## Supplied material:
________________
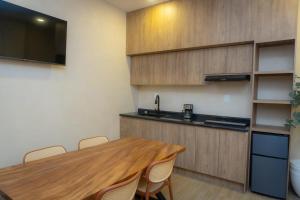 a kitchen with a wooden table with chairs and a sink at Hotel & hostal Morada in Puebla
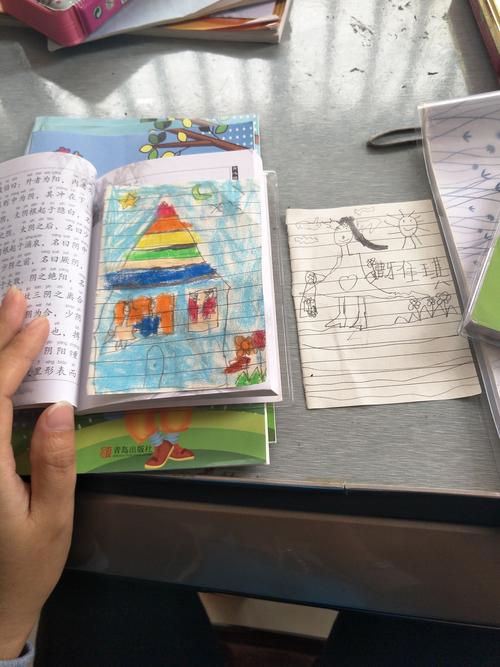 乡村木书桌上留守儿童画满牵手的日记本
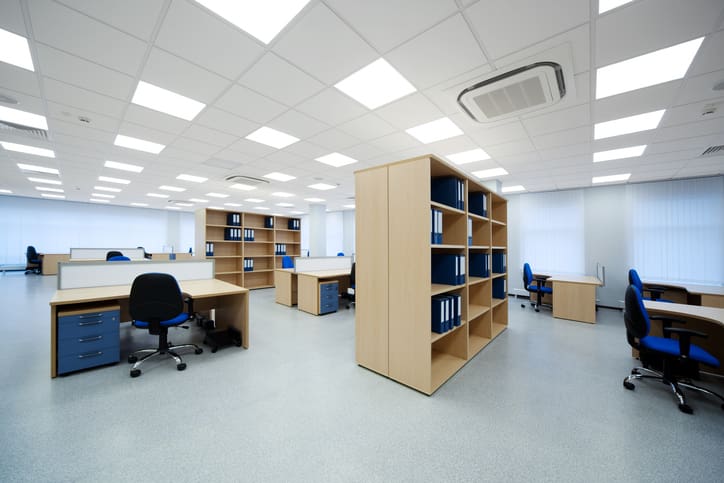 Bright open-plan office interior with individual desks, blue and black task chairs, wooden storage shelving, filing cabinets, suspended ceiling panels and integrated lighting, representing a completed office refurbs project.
________________
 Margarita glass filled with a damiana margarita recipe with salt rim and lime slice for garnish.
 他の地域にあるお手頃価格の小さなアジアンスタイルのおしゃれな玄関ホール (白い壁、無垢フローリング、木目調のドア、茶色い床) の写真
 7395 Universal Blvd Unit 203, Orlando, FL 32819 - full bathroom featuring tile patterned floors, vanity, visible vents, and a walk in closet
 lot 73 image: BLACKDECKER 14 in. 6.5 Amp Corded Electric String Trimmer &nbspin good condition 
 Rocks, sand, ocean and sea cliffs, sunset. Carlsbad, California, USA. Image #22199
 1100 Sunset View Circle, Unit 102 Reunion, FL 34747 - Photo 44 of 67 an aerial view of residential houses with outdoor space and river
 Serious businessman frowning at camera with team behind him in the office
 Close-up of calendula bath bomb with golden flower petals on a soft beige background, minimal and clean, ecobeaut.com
________________
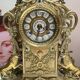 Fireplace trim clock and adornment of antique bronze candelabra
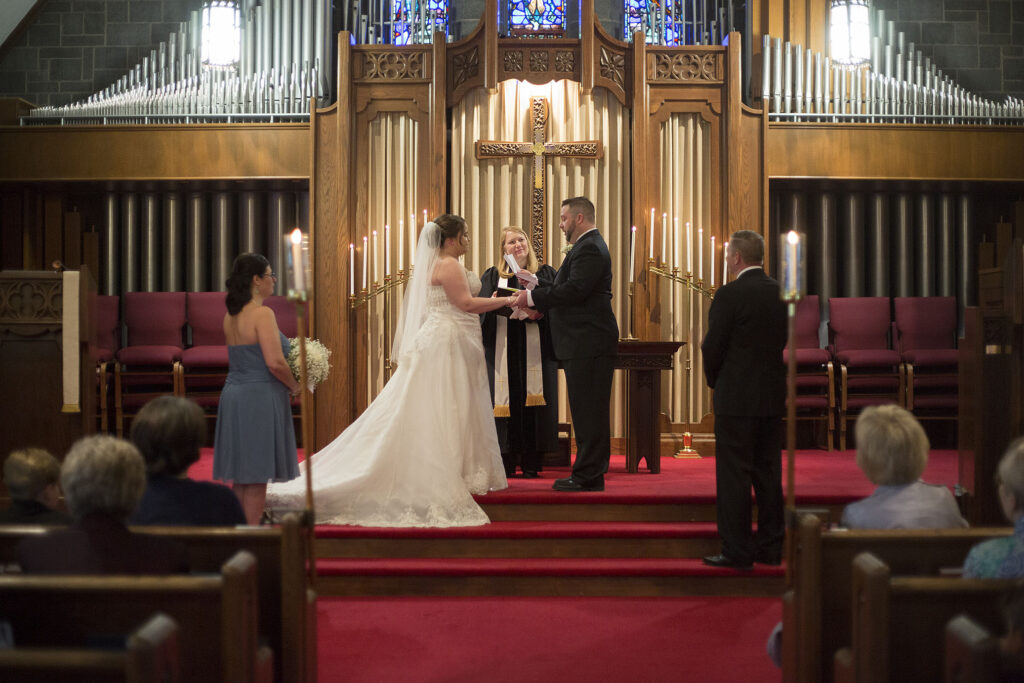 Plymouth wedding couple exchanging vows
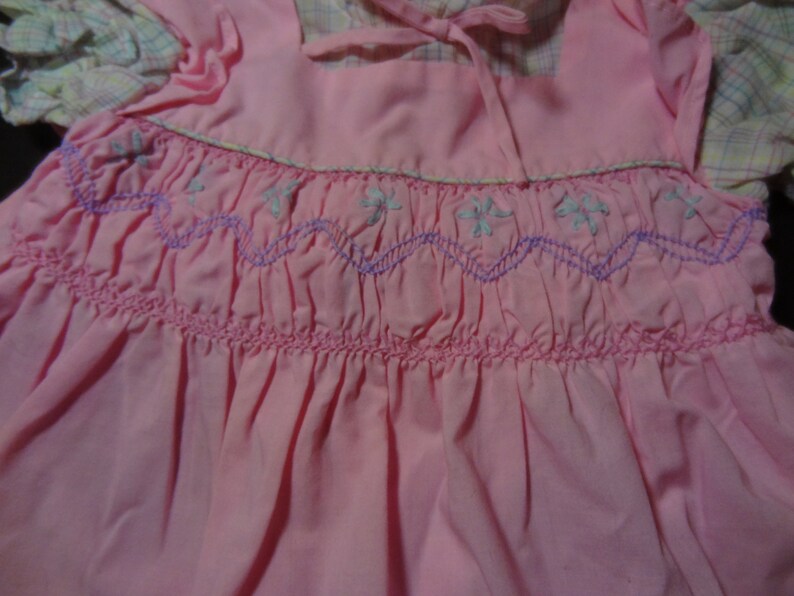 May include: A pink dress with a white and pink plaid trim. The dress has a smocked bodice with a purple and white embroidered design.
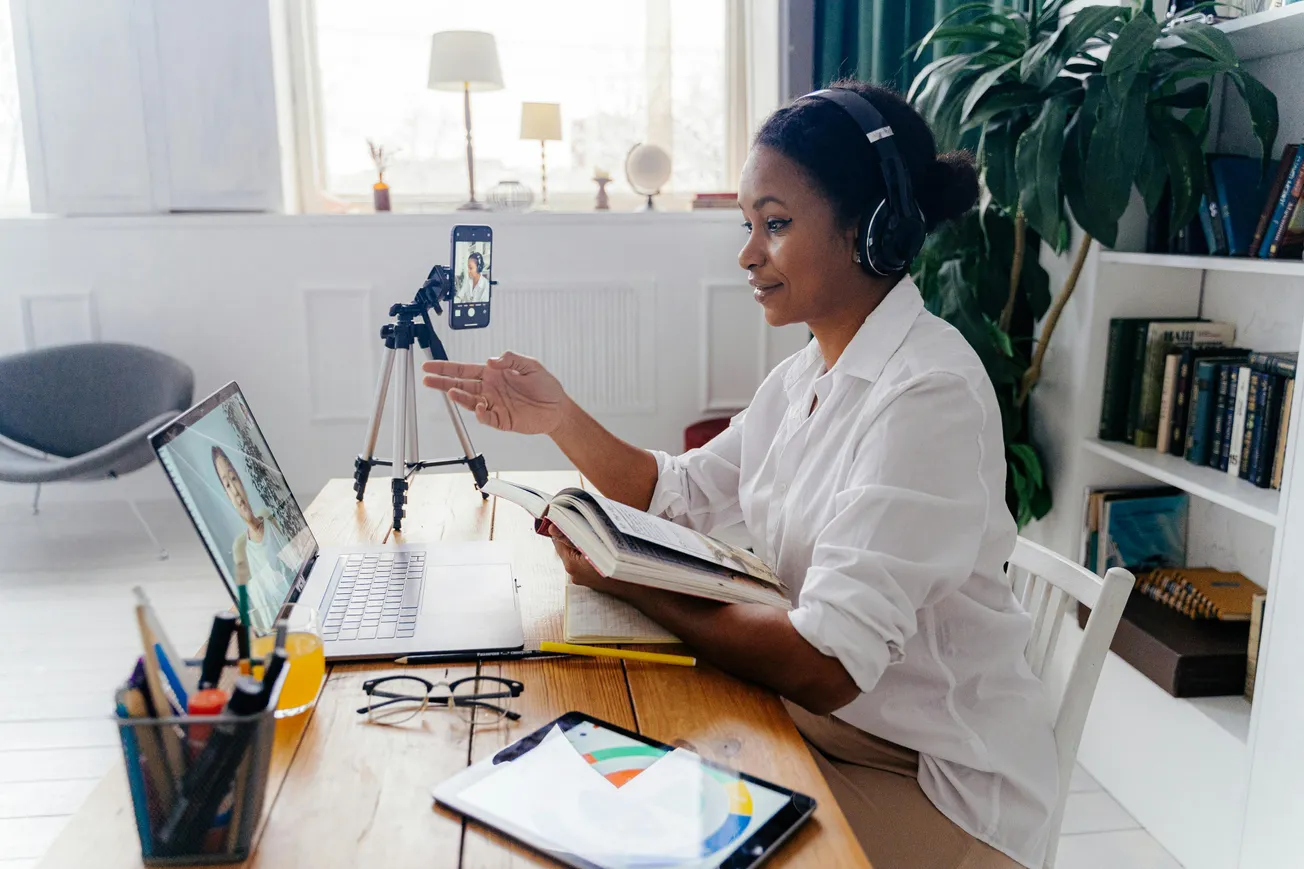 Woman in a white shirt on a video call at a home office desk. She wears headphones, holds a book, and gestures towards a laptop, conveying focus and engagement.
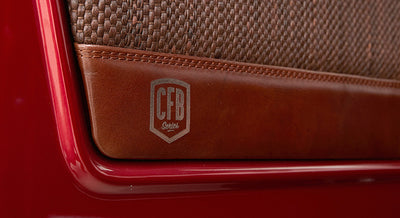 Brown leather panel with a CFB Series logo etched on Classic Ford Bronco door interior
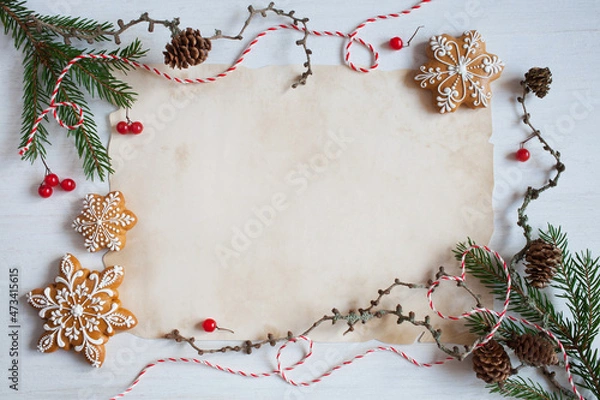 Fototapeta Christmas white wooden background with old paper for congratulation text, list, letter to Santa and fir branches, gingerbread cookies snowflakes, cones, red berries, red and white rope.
________________
## Instructions for the task:
What's needed is an exact copy of the records above from the line containing "a kitchen with" down to the line containing "Bright open-plan office", both included, without any pictures.

## Solution for this exercise:
 a kitchen with a wooden table with chairs and a sink at Hotel & hostal Morada in Puebla
 乡村木书桌上留守儿童画满牵手的日记本
 Bright open-plan office interior with individual desks, blue and black task chairs, wooden storage shelving, filing cabinets, suspended ceiling panels and integrated lighting, representing a completed office refurbs project.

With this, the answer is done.